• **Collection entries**
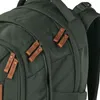 satch Pack zaino scuola 45 cm Anteprima dell’immagine prodotto 7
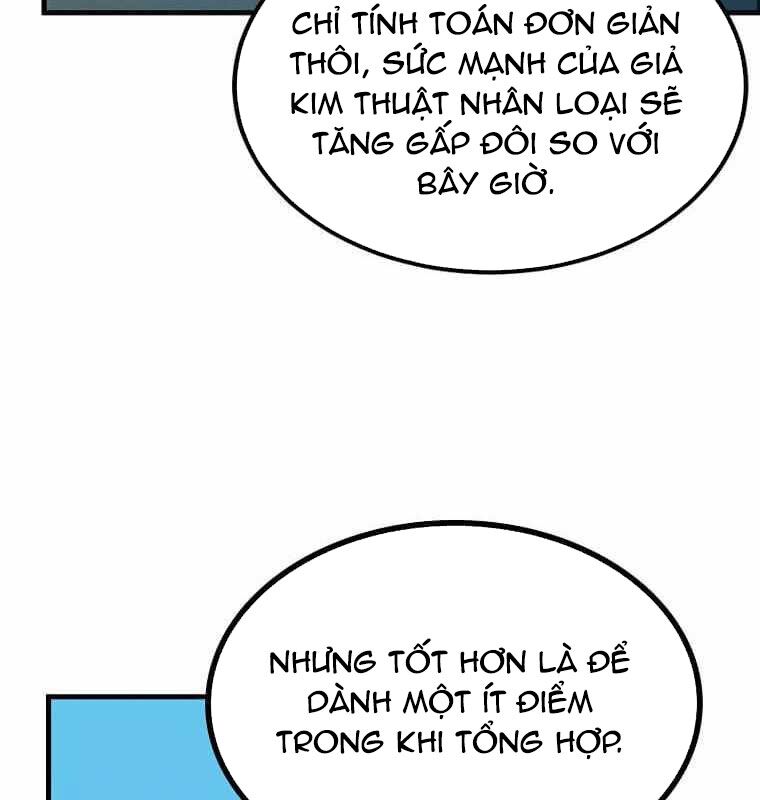 Chapter 13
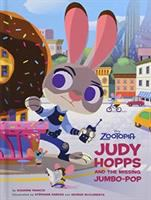 Judy_Hopps_and_the_missing_jumbo-pop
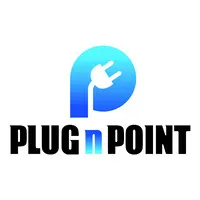 PLUGnPOINT UAE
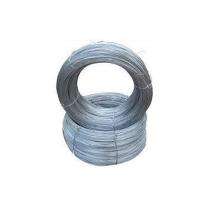 Bombay Wire Industries 14 - 22 gauge GI Stay Wires_0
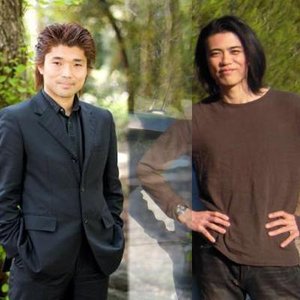 Norihiko Hibino, Takahiro Izutani için avatar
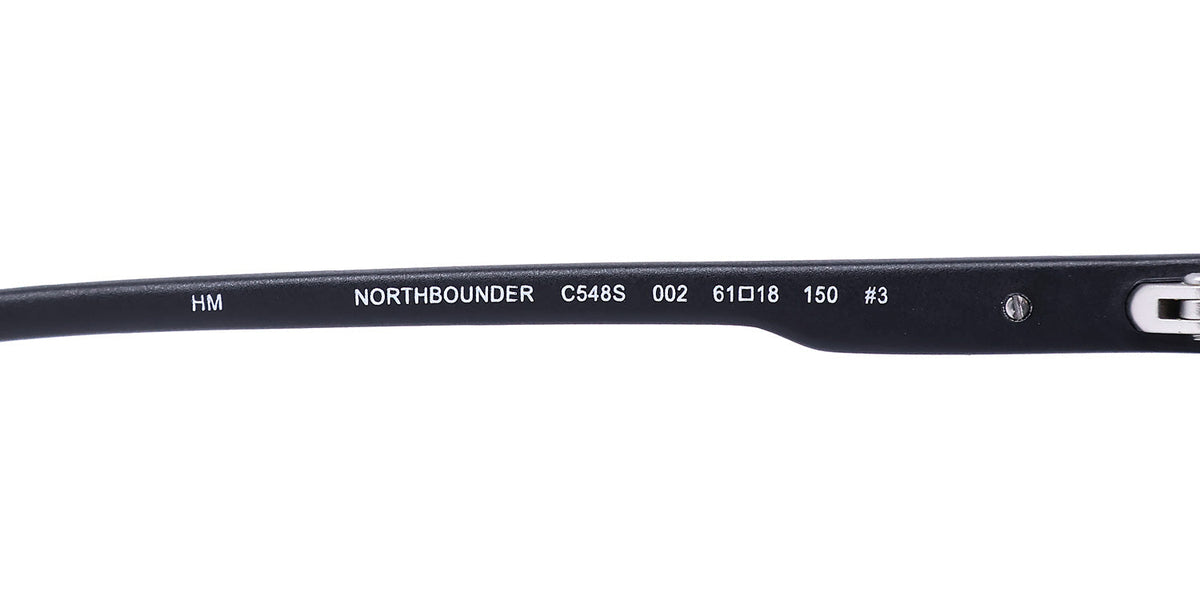 Columbia C548s Northbounder Sunglasses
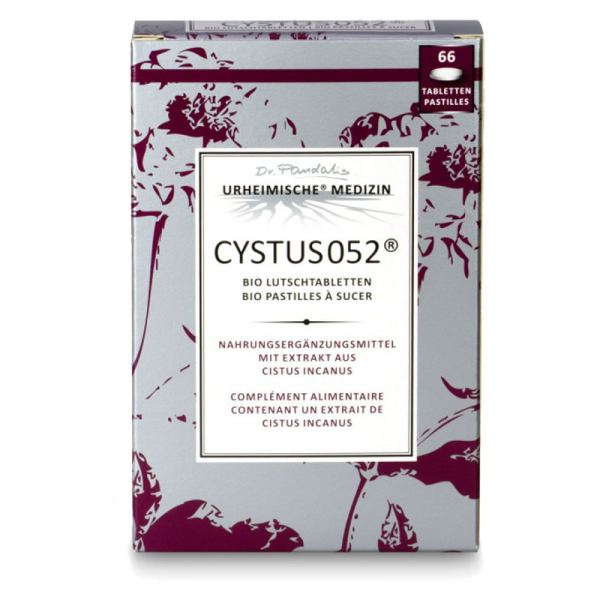 Cystus_052_Bio_Lutschtabletten_online_kaufen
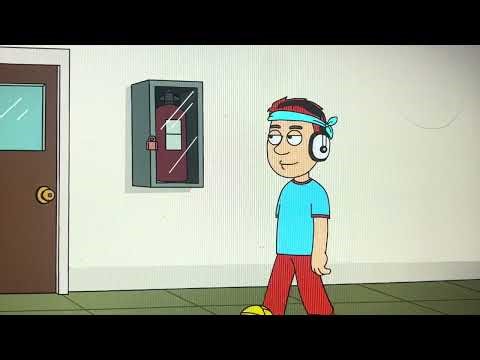 A goanimate tutorial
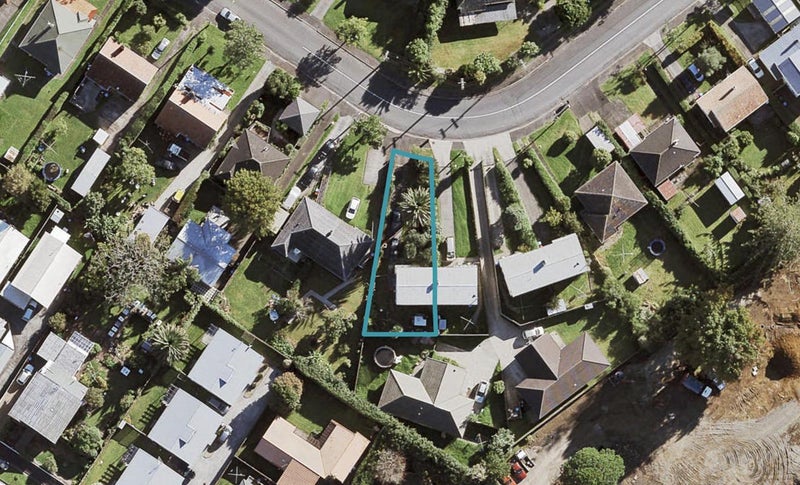 22 Daventry Street, Waterview, Auckland - Carousel 1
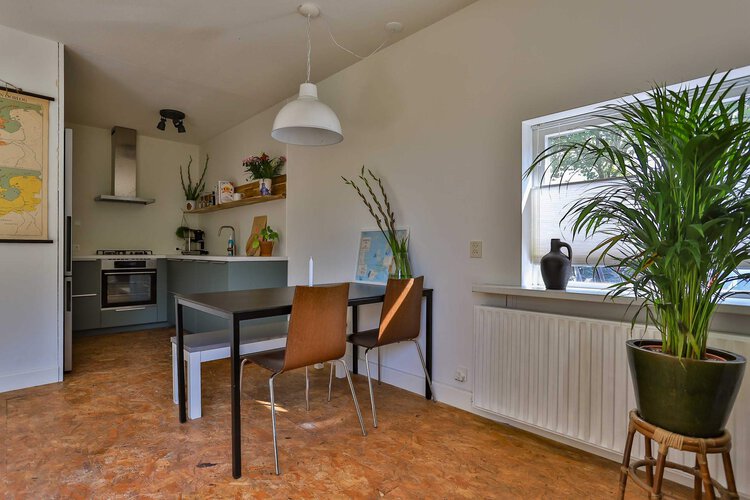 Kremersheerd 11 - foto 3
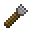 雕刻工艺（Chisels & Bits）/石凿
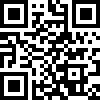 https://mehrnews.com/x3brFm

• **Task requirements**
Starting at the line that holds "22 Daventry Street, Waterview, Auckland", retype every line through the end of the data, both ends included. Pictures stay out of the copy.

• **Response area**
 22 Daventry Street, Waterview, Auckland - Carousel 1
 Kremersheerd 11 - foto 3
 雕刻工艺（Chisels & Bits）/石凿
 https://mehrnews.com/x3brFm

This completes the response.